[[ Excerpted records, beginning ]]

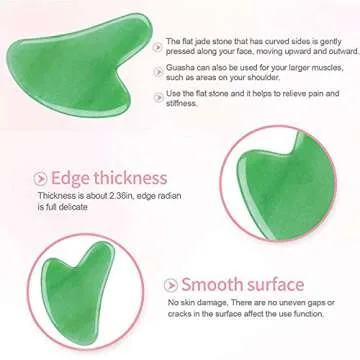 Gua Sha Facial Tool, Gua Sha Scraping Massage Tool, Natural Jade Stone Guasha Board, Jade Gua Sha Scraping Tool (Green)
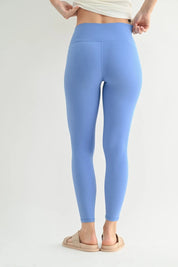 MONO B Manhattan Ultra Form Fit High Waist Leggings - BLUE FOG on Simply Obsessed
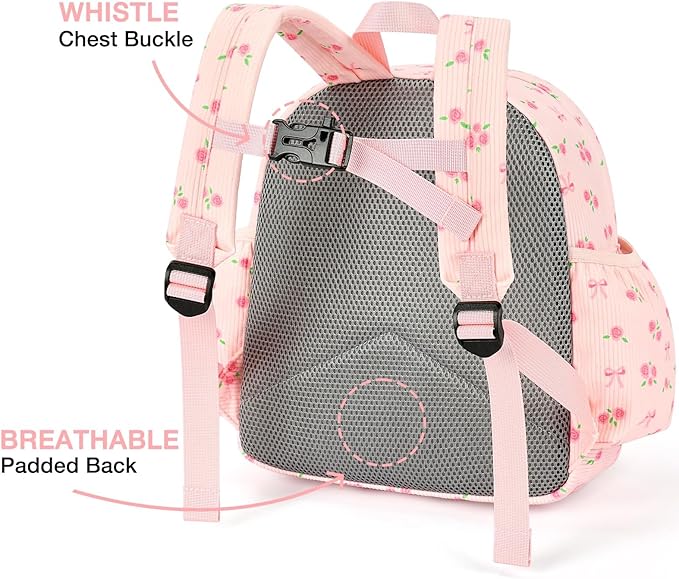 STEAMEDBUN Corduroy Toddler Backpack for Girls 2-4: Kids backpack for Boys Girls - 12 inch Preschool Kindergarten Backpacks - Rose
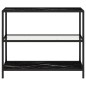 vidaXL Estante transparente y negro mármol vidrio templado 100x36x90cm vidaXL Estante transparente y negro mármol vidrio templado 100x36x90cm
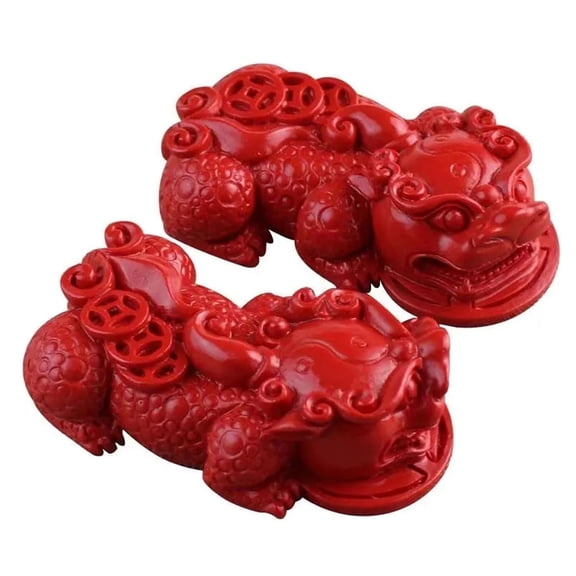 A Pair of Red Cinnabar Hand Carved Pixiu Statue Attract Money and Good Luck Decoration Figurine Fortune Business Interior Decoration Home Furnishing
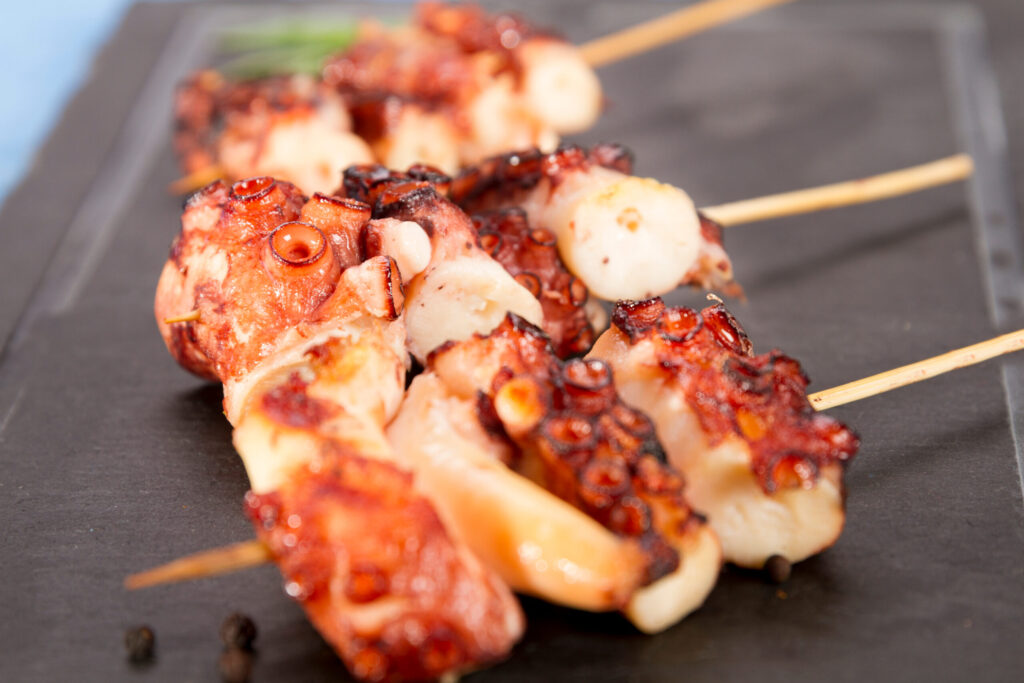 Pincho de pulpo a la parrilla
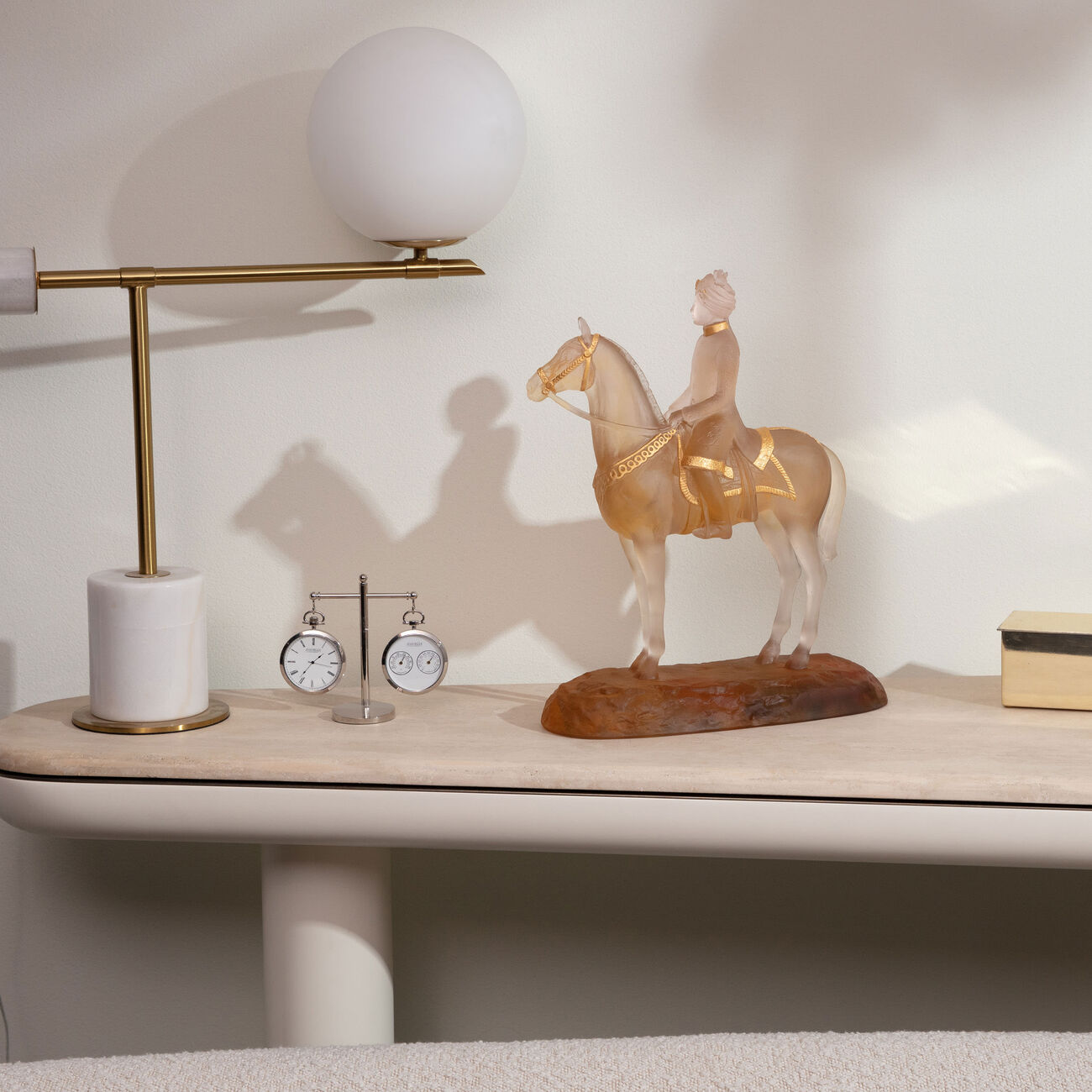 daum marwari horseman sculpture limited edition gold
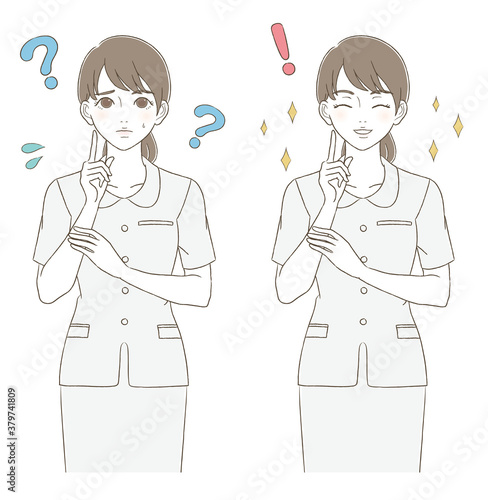 Wallpaper Mural 医療・美容　手描き風　制服を着た女性の上半身イラスト表情セット Torontodigital.ca
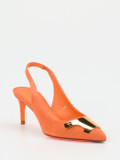 Santoni – Slingback-Pumps aus Veloursleder Koralle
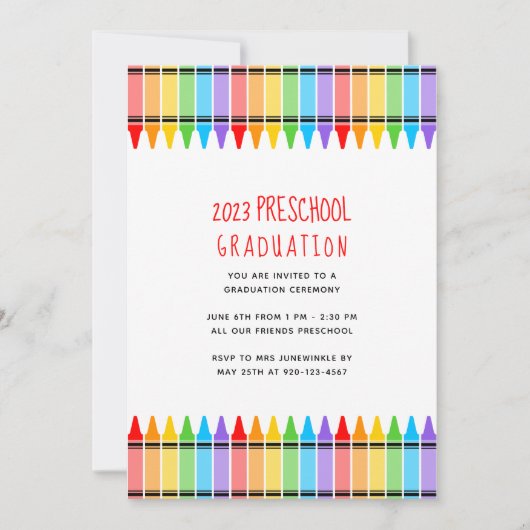 Crayons Preschool Afstuderen Kaart (Voorkant)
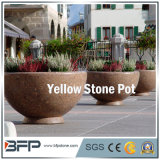 Antique Polished Yellow Stone Flower Pot/Vase for Garden Decoration/Landscape Project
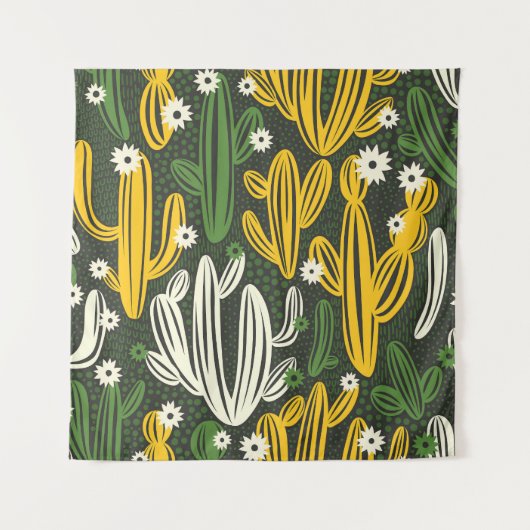 Cactus zwarte achtergrond patroon wandkleed (Voorkant)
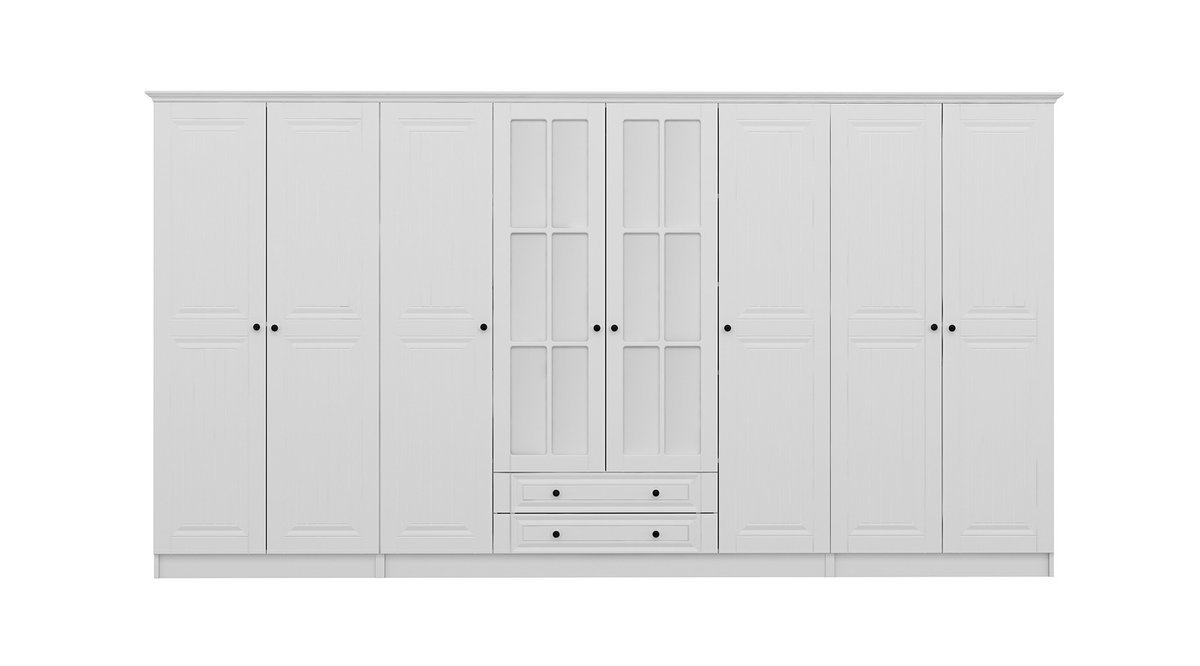 KALE 190 CM 8 MEBRAN KAPAKLI 2Ç TAÇLI DOLAP BEYAZ FİYATI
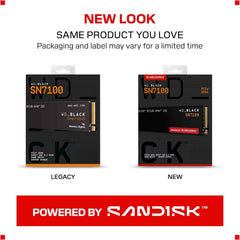 WD_Black SN7100 2TB NVMe SSD - Gen4 PCIe, M.2 2280, Up to 7,250 MB/s Read Speed, Up to 6,900 MB/s Write Speed, Next Gen TLC 3D NAND, for Laptops, Handheld Gaming Devices - WDS200T4X0E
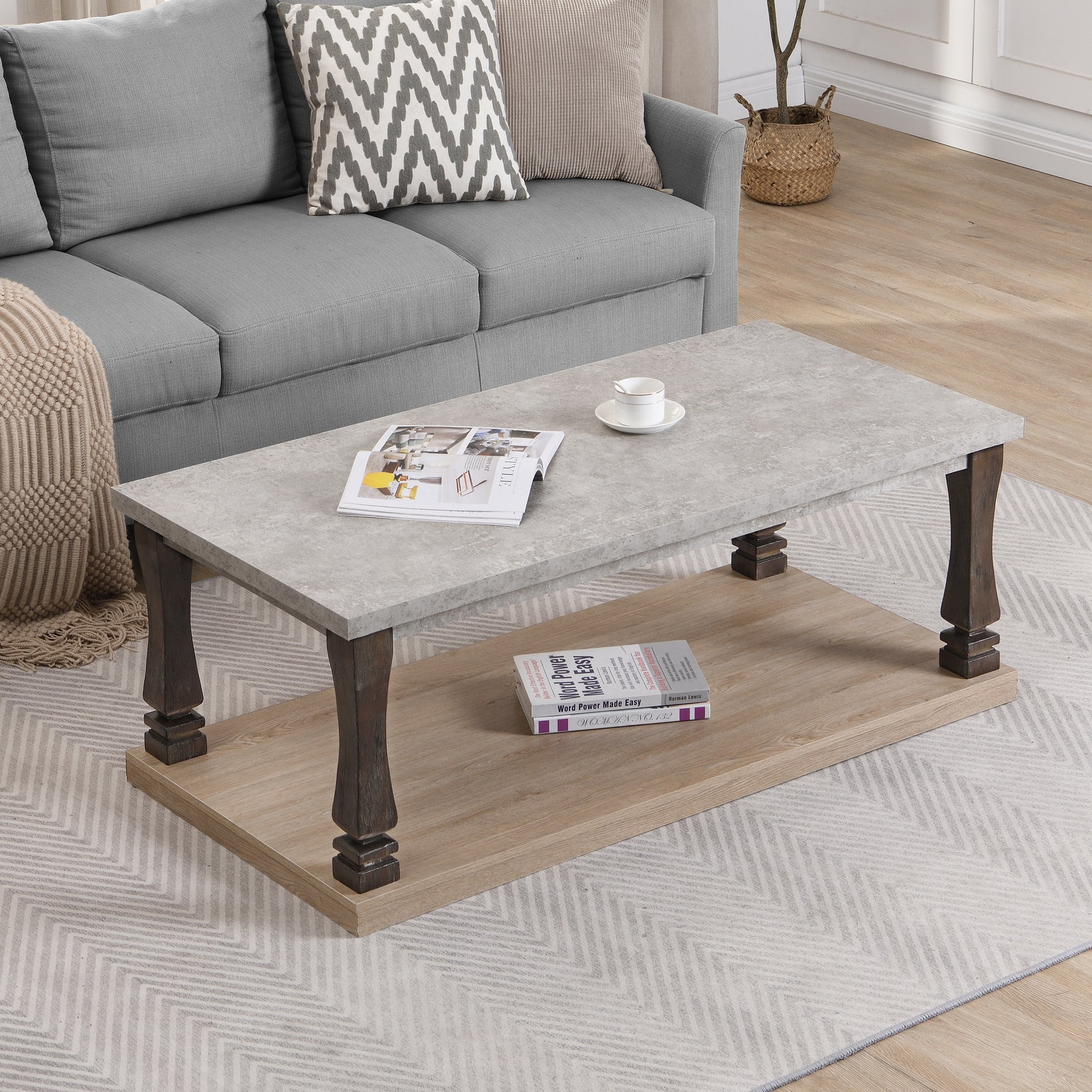 Rectangle Mid Century Coffee Table For Living Room, Wood Coffee Table With 2 Tier Storage Shelf, Square Center Table Wooden Accent Cocktail End Table For Home, Grey Tabletop Light Grey Natural Primary Living Space American Traditional,Antique Rectangular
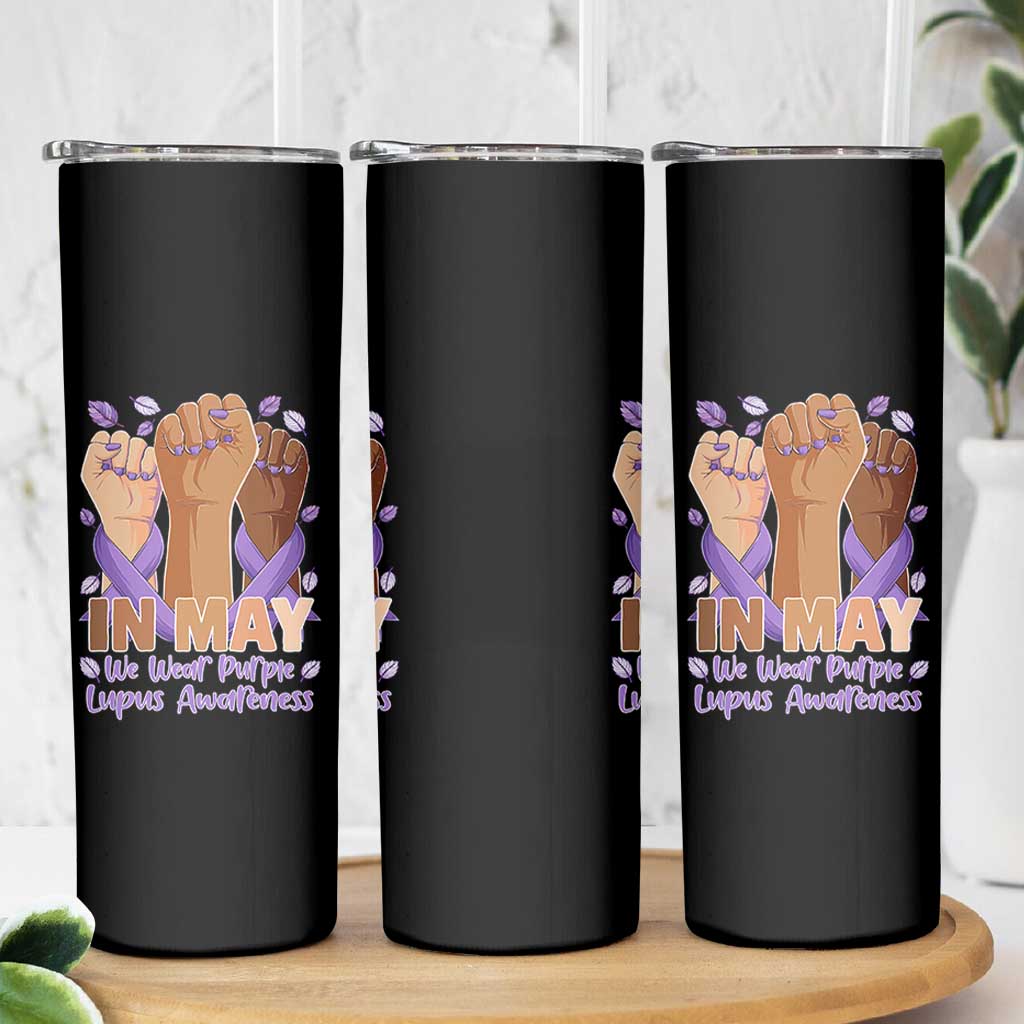 In May We Wear Purple Lupus Awareness Skinny Tumbler Purple Ribbon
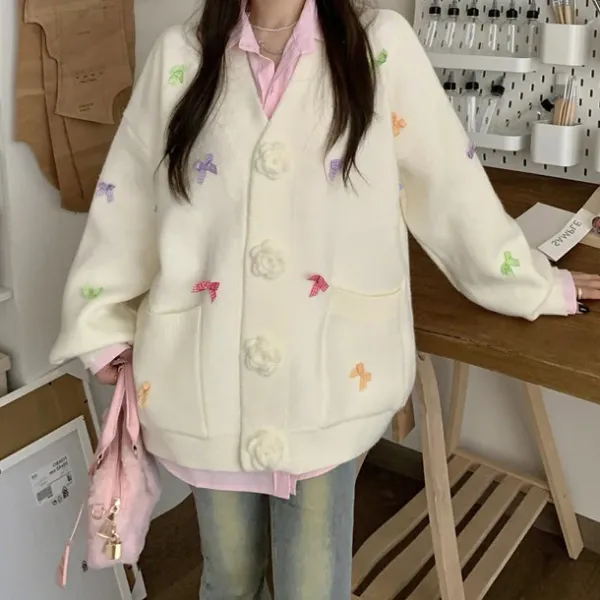 Knit Cardigans*Boogzel Clothing Coquette Girl Bow Cardigan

[[ Excerpted records, end ]]

Task item: Write out again the lines from the one with "KALE 190 CM" through the end of the records exactly, without any of the pictures.

Written answer:
 KALE 190 CM 8 MEBRAN KAPAKLI 2Ç TAÇLI DOLAP BEYAZ FİYATI
 WD_Black SN7100 2TB NVMe SSD - Gen4 PCIe, M.2 2280, Up to 7,250 MB/s Read Speed, Up to 6,900 MB/s Write Speed, Next Gen TLC 3D NAND, for Laptops, Handheld Gaming Devices - WDS200T4X0E
 Rectangle Mid Century Coffee Table For Living Room, Wood Coffee Table With 2 Tier Storage Shelf, Square Center Table Wooden Accent Cocktail End Table For Home, Grey Tabletop Light Grey Natural Primary Living Space American Traditional,Antique Rectangular
 In May We Wear Purple Lupus Awareness Skinny Tumbler Purple Ribbon
 Knit Cardigans*Boogzel Clothing Coquette Girl Bow Cardigan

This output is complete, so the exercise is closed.